(THE DATA begins)

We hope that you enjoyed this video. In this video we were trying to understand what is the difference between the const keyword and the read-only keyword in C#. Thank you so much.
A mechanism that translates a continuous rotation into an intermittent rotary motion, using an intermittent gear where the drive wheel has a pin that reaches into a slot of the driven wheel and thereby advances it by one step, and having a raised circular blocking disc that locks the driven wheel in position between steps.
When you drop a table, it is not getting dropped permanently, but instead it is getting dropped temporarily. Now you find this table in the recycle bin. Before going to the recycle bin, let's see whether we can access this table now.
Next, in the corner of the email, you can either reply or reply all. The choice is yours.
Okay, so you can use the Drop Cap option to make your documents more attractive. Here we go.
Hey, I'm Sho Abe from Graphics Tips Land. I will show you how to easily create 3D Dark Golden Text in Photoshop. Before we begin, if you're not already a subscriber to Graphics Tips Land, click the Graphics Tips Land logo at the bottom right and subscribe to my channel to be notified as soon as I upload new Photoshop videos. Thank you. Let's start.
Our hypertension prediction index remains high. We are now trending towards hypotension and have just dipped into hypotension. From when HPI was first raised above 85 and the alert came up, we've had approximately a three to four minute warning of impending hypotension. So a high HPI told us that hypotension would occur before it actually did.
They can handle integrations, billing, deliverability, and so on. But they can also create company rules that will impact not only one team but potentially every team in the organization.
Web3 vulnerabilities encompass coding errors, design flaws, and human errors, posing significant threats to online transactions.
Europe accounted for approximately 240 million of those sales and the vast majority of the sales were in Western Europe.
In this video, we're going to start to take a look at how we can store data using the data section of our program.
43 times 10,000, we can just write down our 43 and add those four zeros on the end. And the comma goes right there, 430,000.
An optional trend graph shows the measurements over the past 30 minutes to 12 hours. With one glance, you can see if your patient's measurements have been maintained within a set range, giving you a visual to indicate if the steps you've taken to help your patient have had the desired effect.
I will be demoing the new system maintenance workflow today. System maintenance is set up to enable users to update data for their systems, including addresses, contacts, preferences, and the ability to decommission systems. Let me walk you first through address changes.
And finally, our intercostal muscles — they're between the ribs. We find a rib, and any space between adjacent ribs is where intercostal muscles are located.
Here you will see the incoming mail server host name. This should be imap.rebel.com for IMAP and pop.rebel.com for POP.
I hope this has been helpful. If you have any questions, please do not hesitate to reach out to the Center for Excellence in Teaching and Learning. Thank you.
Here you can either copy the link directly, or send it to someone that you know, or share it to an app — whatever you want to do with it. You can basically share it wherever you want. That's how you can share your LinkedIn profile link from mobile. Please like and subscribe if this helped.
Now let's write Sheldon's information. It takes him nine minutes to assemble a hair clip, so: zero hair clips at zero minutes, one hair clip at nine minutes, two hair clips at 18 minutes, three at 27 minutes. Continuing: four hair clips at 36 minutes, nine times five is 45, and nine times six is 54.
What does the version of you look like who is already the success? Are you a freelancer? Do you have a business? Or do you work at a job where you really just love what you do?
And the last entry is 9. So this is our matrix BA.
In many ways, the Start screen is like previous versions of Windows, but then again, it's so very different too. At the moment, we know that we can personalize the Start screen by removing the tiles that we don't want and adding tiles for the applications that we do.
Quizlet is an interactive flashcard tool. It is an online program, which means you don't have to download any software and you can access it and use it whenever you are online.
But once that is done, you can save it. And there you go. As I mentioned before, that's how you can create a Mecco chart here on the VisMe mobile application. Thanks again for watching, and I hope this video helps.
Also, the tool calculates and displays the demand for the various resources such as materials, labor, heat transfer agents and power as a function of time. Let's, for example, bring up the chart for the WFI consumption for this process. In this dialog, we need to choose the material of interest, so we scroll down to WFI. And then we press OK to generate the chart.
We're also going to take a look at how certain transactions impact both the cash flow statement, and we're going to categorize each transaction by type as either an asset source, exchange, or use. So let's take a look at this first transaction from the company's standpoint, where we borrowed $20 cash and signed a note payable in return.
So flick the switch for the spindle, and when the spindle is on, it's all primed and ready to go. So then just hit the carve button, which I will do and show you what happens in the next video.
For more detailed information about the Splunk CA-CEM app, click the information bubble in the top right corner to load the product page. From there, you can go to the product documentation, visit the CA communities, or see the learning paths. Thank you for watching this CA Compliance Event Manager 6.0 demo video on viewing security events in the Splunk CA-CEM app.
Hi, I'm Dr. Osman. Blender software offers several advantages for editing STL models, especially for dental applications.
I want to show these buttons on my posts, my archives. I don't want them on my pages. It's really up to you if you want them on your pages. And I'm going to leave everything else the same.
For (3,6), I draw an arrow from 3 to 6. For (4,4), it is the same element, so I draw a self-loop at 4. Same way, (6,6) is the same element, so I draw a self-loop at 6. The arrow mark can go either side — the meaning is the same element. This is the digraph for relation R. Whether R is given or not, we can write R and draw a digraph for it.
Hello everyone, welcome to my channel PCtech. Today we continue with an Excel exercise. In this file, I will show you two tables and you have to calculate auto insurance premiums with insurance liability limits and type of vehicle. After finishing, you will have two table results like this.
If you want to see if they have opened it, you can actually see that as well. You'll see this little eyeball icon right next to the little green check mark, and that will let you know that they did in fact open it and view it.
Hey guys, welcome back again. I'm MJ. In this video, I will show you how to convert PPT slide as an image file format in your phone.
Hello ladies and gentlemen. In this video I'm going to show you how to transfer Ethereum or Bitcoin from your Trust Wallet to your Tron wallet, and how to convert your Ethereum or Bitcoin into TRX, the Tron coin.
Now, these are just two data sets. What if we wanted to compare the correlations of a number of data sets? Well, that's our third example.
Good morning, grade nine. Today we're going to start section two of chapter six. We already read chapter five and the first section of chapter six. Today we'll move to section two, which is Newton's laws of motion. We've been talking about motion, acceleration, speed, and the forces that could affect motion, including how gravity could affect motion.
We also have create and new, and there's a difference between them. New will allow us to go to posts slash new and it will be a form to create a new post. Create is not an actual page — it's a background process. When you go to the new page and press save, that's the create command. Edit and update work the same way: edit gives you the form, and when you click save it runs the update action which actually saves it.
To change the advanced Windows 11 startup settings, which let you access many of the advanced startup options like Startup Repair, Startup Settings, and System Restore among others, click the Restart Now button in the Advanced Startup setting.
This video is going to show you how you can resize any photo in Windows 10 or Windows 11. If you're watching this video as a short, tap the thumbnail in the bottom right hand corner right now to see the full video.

(THE DATA ends)

**YOUR TASK:** The response must consist of all the data, reproduced without alteration.

**TASK OUTPUT:**
We hope that you enjoyed this video. In this video we were trying to understand what is the difference between the const keyword and the read-only keyword in C#. Thank you so much.
A mechanism that translates a continuous rotation into an intermittent rotary motion, using an intermittent gear where the drive wheel has a pin that reaches into a slot of the driven wheel and thereby advances it by one step, and having a raised circular blocking disc that locks the driven wheel in position between steps.
When you drop a table, it is not getting dropped permanently, but instead it is getting dropped temporarily. Now you find this table in the recycle bin. Before going to the recycle bin, let's see whether we can access this table now.
Next, in the corner of the email, you can either reply or reply all. The choice is yours.
Okay, so you can use the Drop Cap option to make your documents more attractive. Here we go.
Hey, I'm Sho Abe from Graphics Tips Land. I will show you how to easily create 3D Dark Golden Text in Photoshop. Before we begin, if you're not already a subscriber to Graphics Tips Land, click the Graphics Tips Land logo at the bottom right and subscribe to my channel to be notified as soon as I upload new Photoshop videos. Thank you. Let's start.
Our hypertension prediction index remains high. We are now trending towards hypotension and have just dipped into hypotension. From when HPI was first raised above 85 and the alert came up, we've had approximately a three to four minute warning of impending hypotension. So a high HPI told us that hypotension would occur before it actually did.
They can handle integrations, billing, deliverability, and so on. But they can also create company rules that will impact not only one team but potentially every team in the organization.
Web3 vulnerabilities encompass coding errors, design flaws, and human errors, posing significant threats to online transactions.
Europe accounted for approximately 240 million of those sales and the vast majority of the sales were in Western Europe.
In this video, we're going to start to take a look at how we can store data using the data section of our program.
43 times 10,000, we can just write down our 43 and add those four zeros on the end. And the comma goes right there, 430,000.
An optional trend graph shows the measurements over the past 30 minutes to 12 hours. With one glance, you can see if your patient's measurements have been maintained within a set range, giving you a visual to indicate if the steps you've taken to help your patient have had the desired effect.
I will be demoing the new system maintenance workflow today. System maintenance is set up to enable users to update data for their systems, including addresses, contacts, preferences, and the ability to decommission systems. Let me walk you first through address changes.
And finally, our intercostal muscles — they're between the ribs. We find a rib, and any space between adjacent ribs is where intercostal muscles are located.
Here you will see the incoming mail server host name. This should be imap.rebel.com for IMAP and pop.rebel.com for POP.
I hope this has been helpful. If you have any questions, please do not hesitate to reach out to the Center for Excellence in Teaching and Learning. Thank you.
Here you can either copy the link directly, or send it to someone that you know, or share it to an app — whatever you want to do with it. You can basically share it wherever you want. That's how you can share your LinkedIn profile link from mobile. Please like and subscribe if this helped.
Now let's write Sheldon's information. It takes him nine minutes to assemble a hair clip, so: zero hair clips at zero minutes, one hair clip at nine minutes, two hair clips at 18 minutes, three at 27 minutes. Continuing: four hair clips at 36 minutes, nine times five is 45, and nine times six is 54.
What does the version of you look like who is already the success? Are you a freelancer? Do you have a business? Or do you work at a job where you really just love what you do?
And the last entry is 9. So this is our matrix BA.
In many ways, the Start screen is like previous versions of Windows, but then again, it's so very different too. At the moment, we know that we can personalize the Start screen by removing the tiles that we don't want and adding tiles for the applications that we do.
Quizlet is an interactive flashcard tool. It is an online program, which means you don't have to download any software and you can access it and use it whenever you are online.
But once that is done, you can save it. And there you go. As I mentioned before, that's how you can create a Mecco chart here on the VisMe mobile application. Thanks again for watching, and I hope this video helps.
Also, the tool calculates and displays the demand for the various resources such as materials, labor, heat transfer agents and power as a function of time. Let's, for example, bring up the chart for the WFI consumption for this process. In this dialog, we need to choose the material of interest, so we scroll down to WFI. And then we press OK to generate the chart.
We're also going to take a look at how certain transactions impact both the cash flow statement, and we're going to categorize each transaction by type as either an asset source, exchange, or use. So let's take a look at this first transaction from the company's standpoint, where we borrowed $20 cash and signed a note payable in return.
So flick the switch for the spindle, and when the spindle is on, it's all primed and ready to go. So then just hit the carve button, which I will do and show you what happens in the next video.
For more detailed information about the Splunk CA-CEM app, click the information bubble in the top right corner to load the product page. From there, you can go to the product documentation, visit the CA communities, or see the learning paths. Thank you for watching this CA Compliance Event Manager 6.0 demo video on viewing security events in the Splunk CA-CEM app.
Hi, I'm Dr. Osman. Blender software offers several advantages for editing STL models, especially for dental applications.
I want to show these buttons on my posts, my archives. I don't want them on my pages. It's really up to you if you want them on your pages. And I'm going to leave everything else the same.
For (3,6), I draw an arrow from 3 to 6. For (4,4), it is the same element, so I draw a self-loop at 4. Same way, (6,6) is the same element, so I draw a self-loop at 6. The arrow mark can go either side — the meaning is the same element. This is the digraph for relation R. Whether R is given or not, we can write R and draw a digraph for it.
Hello everyone, welcome to my channel PCtech. Today we continue with an Excel exercise. In this file, I will show you two tables and you have to calculate auto insurance premiums with insurance liability limits and type of vehicle. After finishing, you will have two table results like this.
If you want to see if they have opened it, you can actually see that as well. You'll see this little eyeball icon right next to the little green check mark, and that will let you know that they did in fact open it and view it.
Hey guys, welcome back again. I'm MJ. In this video, I will show you how to convert PPT slide as an image file format in your phone.
Hello ladies and gentlemen. In this video I'm going to show you how to transfer Ethereum or Bitcoin from your Trust Wallet to your Tron wallet, and how to convert your Ethereum or Bitcoin into TRX, the Tron coin.
Now, these are just two data sets. What if we wanted to compare the correlations of a number of data sets? Well, that's our third example.
Good morning, grade nine. Today we're going to start section two of chapter six. We already read chapter five and the first section of chapter six. Today we'll move to section two, which is Newton's laws of motion. We've been talking about motion, acceleration, speed, and the forces that could affect motion, including how gravity could affect motion.
We also have create and new, and there's a difference between them. New will allow us to go to posts slash new and it will be a form to create a new post. Create is not an actual page — it's a background process. When you go to the new page and press save, that's the create command. Edit and update work the same way: edit gives you the form, and when you click save it runs the update action which actually saves it.
To change the advanced Windows 11 startup settings, which let you access many of the advanced startup options like Startup Repair, Startup Settings, and System Restore among others, click the Restart Now button in the Advanced Startup setting.
This video is going to show you how you can resize any photo in Windows 10 or Windows 11. If you're watching this video as a short, tap the thumbnail in the bottom right hand corner right now to see the full video.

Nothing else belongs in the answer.